Re: I am a sex offender father please help me

Post by oneafter900 » Wed Jul 21, 2021 1:25 am

I started this thread over 5 years ago - anyone fancy an update?

Its now 3 years since the family court made an indefinite supervised order and therefore i’ve been assisted every Sunday by my parents at their family home. I moved out finally last year and have my own place and am currently trying to renovate it up to standard in the hope that my kids will be able to spend time here with me eventually.

Its a massive burden on my parents especially when my ex expects us to have the kids for days during school holidays etc, id happily do it on my own but its a bit much to impose on my mum (whos now mid 70s) especially on top of what they already do and it creates a massively anxious atmosphere at times that upsets us all.

My daughter especially has been asking when she can spend time with me at my house and really she must wonder what the hell is going on and why my mum has to always be chaperoning.

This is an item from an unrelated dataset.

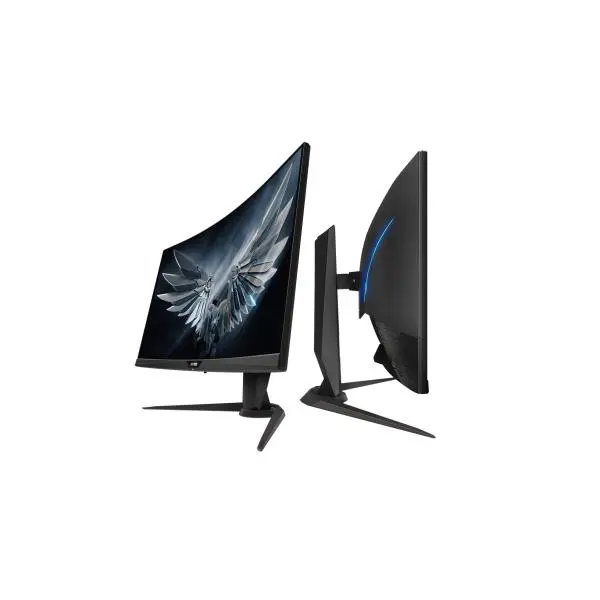 ⁦מסך מחשב קעור לגיימינג Gigabyte CV27F Curved⁩ – תמונה ⁦5⁩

Its too late now for them to forget this period of their lives even if things change.

My kids are 5 and 7 now, the youngest not even conceived when i was arrested and yet here i am still fighting for access. I cant pick them up from school, have never met their teachers, Ive never met their mates, mates’ parents, don’t get invited to their birthday parties, cant drive them to my sister’s houses, cant take them to my friend’s houses, cant even take them for a bike ride.

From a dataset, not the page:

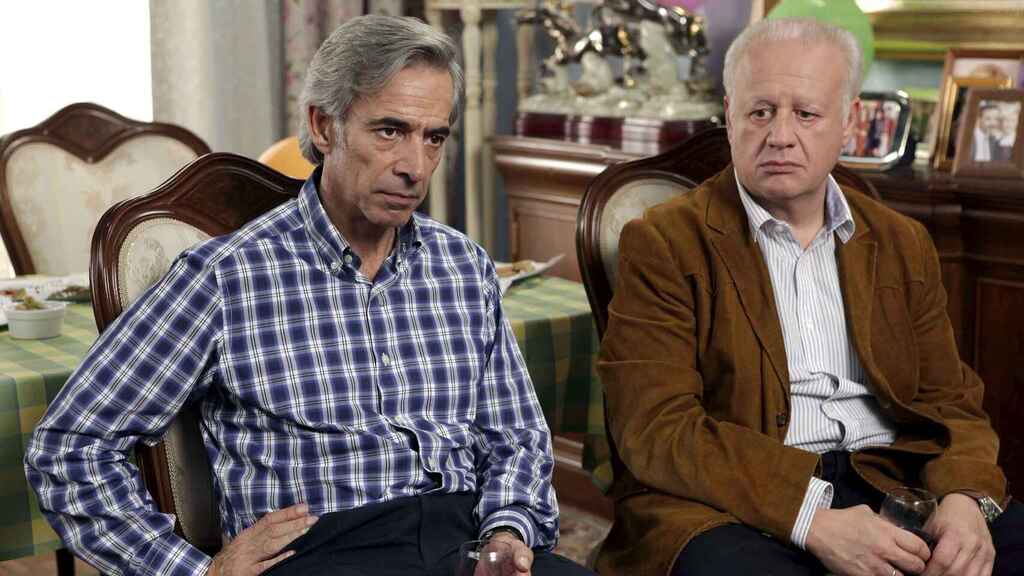Los hermanos Alcántara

Because i'm a glutton for this fight Ive reapplied to the court for unsupervised access, which my ex wife has actually agreed to verbally but insists we get it ratified by the court. Its pretty apparent to me that she has absolutely no concerns about me but just wants to drag this out - there will be an argument to have in court though because she will say no to overnight access currently and yet i have been told that the court wont want us to keep going back to court to adjust things in the future.

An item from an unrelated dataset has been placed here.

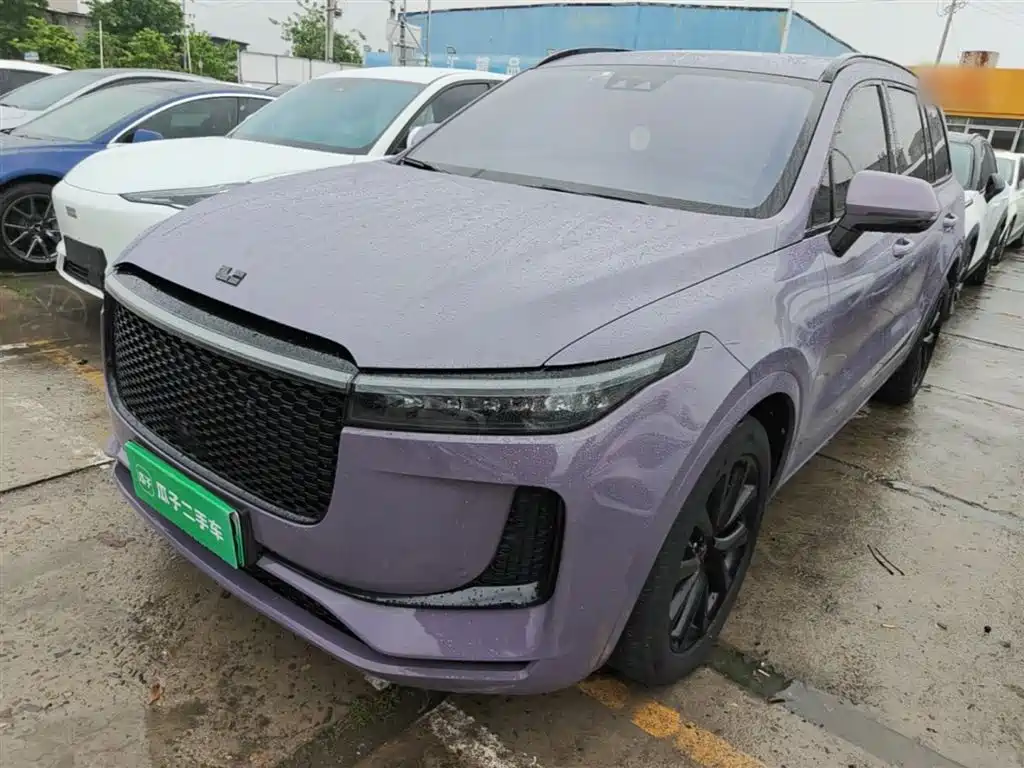 Li Auto Li ONE 2020 Extended Range 6-seater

Currently i'm awaiting a first hearing but the court has felt the need to make me get an updated assessment from the LFF which will cost me another £700. Since the last court hearings in 2018 I have taken the ‘inform plus’ course (£700) that was recommended so this report will be an update to see if my risk has reduced (despite the LFF stating last time that my risk was as low as they could possibly categorise it to be ie ‘low’)

So we go on…..I did have my SHPO removed in January (against the police’s wishes and which cost be £1000 in legal fees) which allowed me to get a proper job at last. It felt like literally the first thing id won in 6 years.

A note on the police whilst under SHPO / SO notification for those affected - do not trust them and do not give them information about how you are feeling / your personal or social life etc. They will twist everything you say, put it in an assessment and then deny getting it wrong when queried.

They also didn't visit me for 2.5 years and yet once i submitted the application to have my SHPO removed late last year they made 3 unannounced visits in about 5 weeks trying to catch me out. They went to court and said they felt i was still a risk because now i lived on my own i had more opportunity to offend. They also said they suspected I had a computer even though i literally invited the police officer to search my house when she was raising this point on one of the visits - which she then did.

They also had in the past managed to find out about women id dated and gone to visit them, making completely unlawful disclosures of my offences and asking about the sex we’d had etc. The police officer even put in her report details about me having dated with women with children and that being a concern (these were tinder dates basically) and also that one woman had put pigtails in her hair for me and that therefore i was a risk to children (even though my crime was illegal pornography just to clarify).

Anyway the judge saw through all that sh1t and said the police were categorising me based on their hunches and nothing else and set me free - thus allowing me to be ‘rehabilitated’ for employment purposes

ja2167
Posts: 5
Joined: Fri Jul 06, 2018 7:44 am

Re: I am a sex offender father please help me

Post by ja2167 » Mon Aug 09, 2021 5:21 pm

Did your ex wife have to agree to your parents doing the contact?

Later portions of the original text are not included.